2026年4月9日時点の欧州デジタル市場法(DMA)と関連IT規制の最新動向

2026年4月9日、欧州連合(EU)におけるデジタル市場法(DMA)および関連するIT規制の動向は、デジタル経済の未来を形作る上で極めて重要な局面を迎えています。特に、ゲートキーパー企業の遵守状況、サイバーセキュリティ規制の進展、そしてAI規制や国際的なデジタルガバナンスに関する動きが注目されています。本稿では、対象日前後の具体的な発表や進展に焦点を当て、各規制の現状と今後の見通しを詳報します。

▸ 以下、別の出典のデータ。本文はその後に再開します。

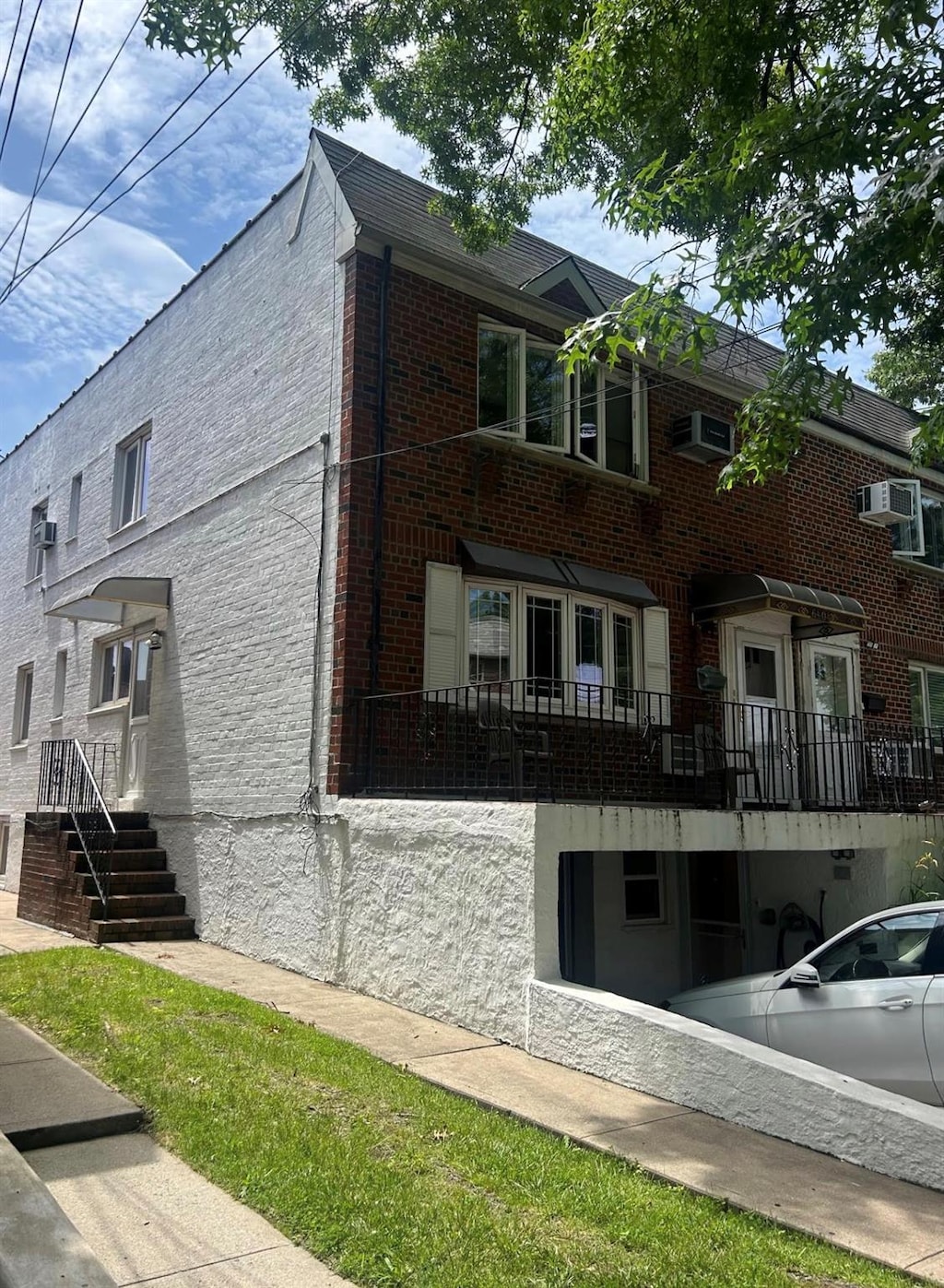 6404 78th St, Middle Village, NY 11379 - view of home's exterior featuring brick siding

デジタル市場法(DMA)の執行状況とゲートキーパーの動向

欧州デジタル市場法(DMA)は、巨大IT企業の市場支配力を抑制し、公正な競争環境を促進することを目指しており、2026年4月9日現在、その執行状況は厳格さを増しています。指定されたゲートキーパー企業、すなわちAlphabet、Amazon、Apple、ByteDance、Meta、Microsoftは、DMAの義務遵守に向けた対応を迫られています。

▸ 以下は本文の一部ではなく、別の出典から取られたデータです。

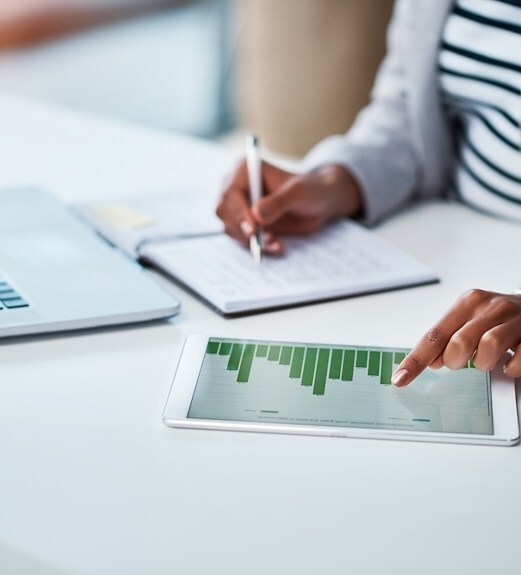 Close up view of a person reviewing charts on their tablet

2026年3月9日には、これらゲートキーパー各社が、DMAの遵守措置に関する更新報告書と、消費者プロファイリング技術に関する独立監査済み報告書を欧州委員会に提出しました。 これは、DMAが求める透明性と公正性の確保に向けた具体的な一歩と位置付けられます。しかし、その実効性については依然として厳しい目が向けられています。同日の2026年3月9日と翌10日には、欧州議会議員からGoogleとAmazonのDMA違反の可能性について、欧州委員会に対し質問状が提出されました。 これは、ゲートキーパー企業の遵守措置が十分であるか否かについて、欧州議会が強い関心を持っていることを示唆しています。

欧州委員会は、DMAの適用に関する最初の報告書を2026年5月までに提出する予定であり、これにより、これまでの執行状況と今後の方向性がより明確になることが期待されます。

サイバーセキュリティ関連規制(DORA, NIS2, CRA)の進展

欧州におけるサイバーセキュリティ関連規制もまた、2026年を通じてその適用範囲と影響を拡大しています。デジタルオペレーショナルレジリエンス法(DORA)は、2025年1月に完全に施行され、金融セクターにおけるデジタルレジリエンスの強化を義務付けており、2026年に入りその影響が具体的に現れ始めています。

ネットワークおよび情報セキュリティ指令(NIS2)は、その対象を約16万の事業体にまで拡大し、サイバーセキュリティ対策の強化を求めています。 特に注目すべきは、NIS2が経営層の個人責任を導入している点であり、これにより企業はサイバーセキュリティガバナンスに対する経営層の関与を一層強化する必要があります。

サイバーレジリエンス法(CRA)は、デジタル製品のセキュリティを強化することを目的としており、その報告義務は2026年9月11日から適用されます。 これに先立ち、2026年3月3日にはCRAの初のガイダンス草案が公開されました。 この草案は、企業がCRAの要件をどのように満たすべきかについて具体的な指針を提供するものであり、企業は今後の正式なガイダンスに注目し、対応を進める必要があります。

広範なIT規制とガバナンスの動向:AI Act、デジタルオムニバス、国際関係

欧州のIT規制は、DMAやサイバーセキュリティに留まらず、人工知能(AI)やデータガバナンス、さらには国際関係にまでその範囲を広げています。AI Actは、AIシステムのリスクベースアプローチに基づき、その主要な義務が2026年8月2日から適用されることになります。 これにより、高リスクAIシステムの開発・展開を行う企業は、厳格な要件遵守が求められます。

2025年11月には、デジタルオムニバス規制が発表されました。 これは、一般データ保護規則(GDPR)やデータ法などの既存のデジタル規制を合理化し、EUのデジタルフレームワークを簡素化することを目指しています。 この動きは、企業が複数の規制に対応する負担を軽減し、より効率的なデジタルビジネス環境を構築することに寄与すると期待されています。

国際的なデジタルガバナンスの動きも活発化しています。2026年4月8日、欧州評議会閣僚委員会は勧告CM/Rec(2026)4を採択しました。 この勧告は、コンテンツ規制からプラットフォームの設計責任への転換を促すものであり、オンラインプラットフォームがユーザーの安全と権利保護においてより積極的な役割を果たすことを求めています。 同日には、EUとモロッコがデジタル対話を開始し、デジタル分野における協力関係の強化に向けた一歩を踏み出しました。

一方で、欧州のデジタル規制に対する国際的な懸念も浮上しています。2026年4月9日に発表された米USTRの貿易障壁報告書では、EUのデジタル規制が新たな貿易障壁として指摘されました。 これは、EUの厳格なデジタル規制が、国際的な貿易関係に影響を与える可能性を示唆しており、今後の国際的な議論の焦点となるでしょう。